Failure to meet capital guidelines could subject a financial holding company to a variety of enforcement remedies, including the termination of deposit insurance by the FDIC, and to certain restrictions on its business and in certain circumstances to the appointment of a conservator or receiver.
- 5 -
BANKING BUSINESS
First Citizens Bancshares, Inc. (the "company") headquartered in Dyersburg, Tennessee, the bank holding company for First Citizens National Bank ("the Bank"), First Citizens Capital Assets and First Citizens (TN) Statutory Trust II. First Citizens National Bank is a diversified financial service institution, which provides banking and other financial services to its customers. The bank operates two wholly owned subsidiaries: Financial Plus, Inc. and Nevada Investments II. The bank also owns 50% of White and Associates/First Citizens Insurance LLC and First Citizens/White and Associates Insurance Company, Inc. These subsidiary activities consist of: brokerage, personal finance, investments, insurance related products and credit insurance. The Munford Union Bank and its two wholly owned subsidiaries (Nevada Investments III and IV) were merged into First Citizens National Bank and Nevada Investments during second quarter 2003. Nevada I was merged into Nevada II during the 3rd quarter 2003. Assets of Delta Finance, a finance subsidiary owned by First Citizens National Bank was sold 4th quarter 2003. The finance company was dissolved in December 2003.

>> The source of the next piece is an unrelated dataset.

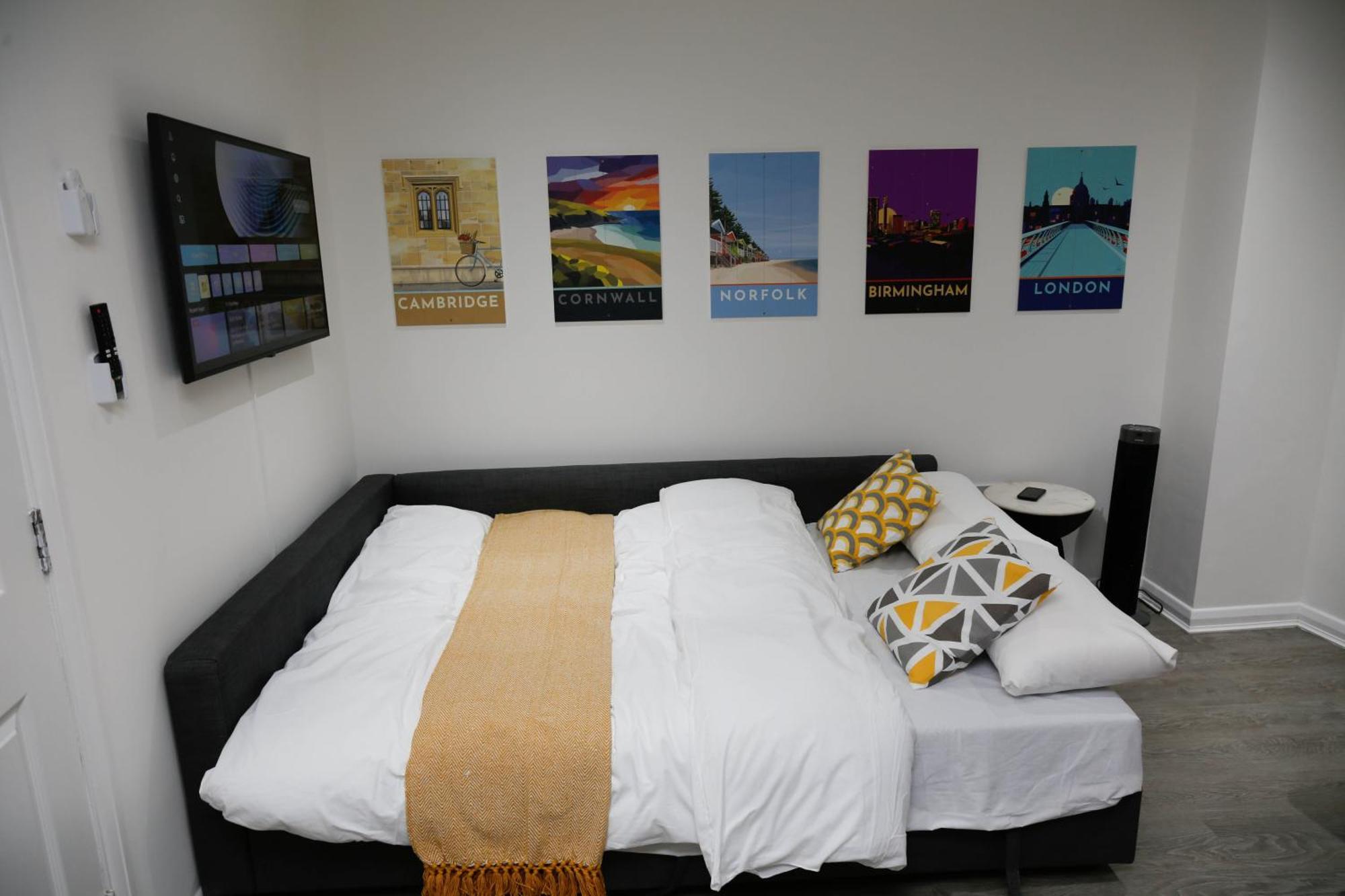 New Luxury Apartments In Central London Next To Shops, Cafes, Bars & Metro Dış mekan fotoğraf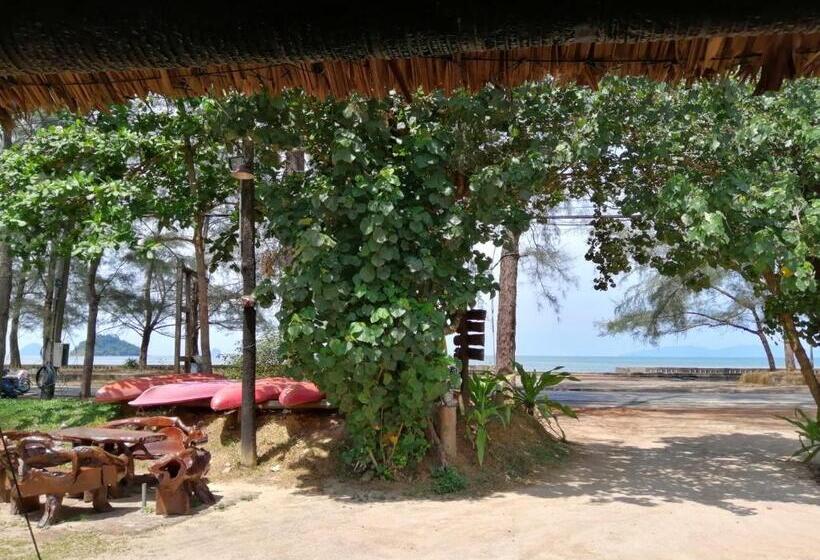 Hotel Fisherman S Hut , ขนำชาวเลโฮมสเตย์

First Citizens provides customary banking services, such as checking and savings accounts, funds transfers, various types of time deposits and safe deposit facilities. Other services also include the financing of commercial transactions and making and servicing both secured and unsecured loans to individuals, firms and corporations. First Citizens is a leader in agricultural lending in Tennessee. Agricultural services include operating loans as well as financing for the purchase of equipment and farmland. The consumer-lending department makes direct loans to individuals for personal, automobile, real estate, home improvement, business and collateral needs.
Mortgage lending makes available long term fixed and variable rate loans to finance the purchase of residential real estate. These loans are sold in the secondary market without retaining servicing rights. Commercial lending operations include various types of credit services for customers.
The subsidiary bank has a total of 43 banking locations (18 branch banks and 25 free standing ATMs) in six Tennessee counties. First Citizens owns and operates four subsidiaries that provide the following services:
First Citizens Financial Plus, Inc., a bank service
corporation wholly owned by First Citizens provides licensed brokerage services
that allows the bank to compete on a limited basis with numerous non-bank
entities who pose a continuing threat to the customer base. The brokerage firm operates three locations
in West Tennessee.
Delta Finance provided consumer finance services
consisting primarily of consumer and residential real estate loans out of three
office locations in West Tennessee. Assets of Delta Finance were sold 4th
quarter 2003. The corporation was
dissolved in December 2003.
White and Associates/First Citizens Insurance, LLC was
chartered by the State of Tennessee and is a general insurance agency offering
a full line of insurance products including casualty, life and health, and crop
insurance. First Citizens holds a 50%
ownership in the company. The insurance
agency occupies two offices in Northwest Tennessee.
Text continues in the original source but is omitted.